Three guesses as to wtf Curious George will do with this newfound knowledge.

But the makers of Curious George won’t let us off this easily. It is no fun snatching hope from the hopeless. For one brief moment, we are led to believe Curious George WON’T do what we all know he will do.

Curious George is too short to operate the vacuum. He cannot clean up the mess. He cannot destroy Mr. Stamps’s stamps. Dare we hope for peace? Will MYH finally take responsibility and clean up after his pet?

No. Right before he leaves on some meaningless errand, MYH gives Curious George a Dustbuster, which he calls a “monkey-sized vacuum.”

Good Lord.

The stamps are the first to go, after which Curious George ingests LSD.

Maybe not, but I can think of no other reason why Curious George begins to vividly hallucinate and run out into traffic. Wearing a cape, and calling himself a superhero.

George thinks he will save the city by vacuuming things. He sucks up the birdseed a lady is scattering for the pigeons. The pigeons swear revenge.

MYH, meanwhile, learns that the stamps are gone. His frantic search for George and the Dustbuster leads to the best dialogue I have yet discovered:

MYH: Hey lady, have you seen a monkey with a vacuum?
Lady: Was he wearing a cape?

Ponder this, my faithful readers. The lady seeks clarification. Was it the cape-wearing monkey, or was it one of the other monkeys with vacuums she saw today?

Then a random guy shows up and yells “Help! A monkey just sucked up my winning lottery ticket!”

Winning lottery ticket. Sucked up by a monkey.

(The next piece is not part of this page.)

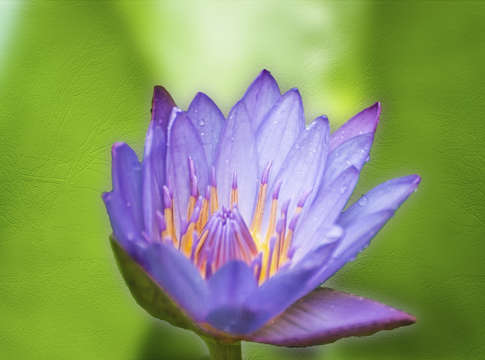 Blue lotus digital painting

Words cannot adequately express the horrible shit I would do to a monkey that sucked up my winning lottery ticket. I would keep him alive for weeks, doing things that, translated into cuneiform, would make even the ancient Persians vomit on their sandals. I would know every noise a monkey’s shattered vocal cords could whimper, and I would replay them all through Peavey speakers every Christmas.

But I do not have a winning lottery ticket. And I do not exist in the Curious George universe.

And so, just as George is about to empty the vacuum bag in a construction site dumpster, MYH catches him. Stamps, birdseed and lottery ticket are saved.

No one knows what happens next. By the next episode, none of it ever happened.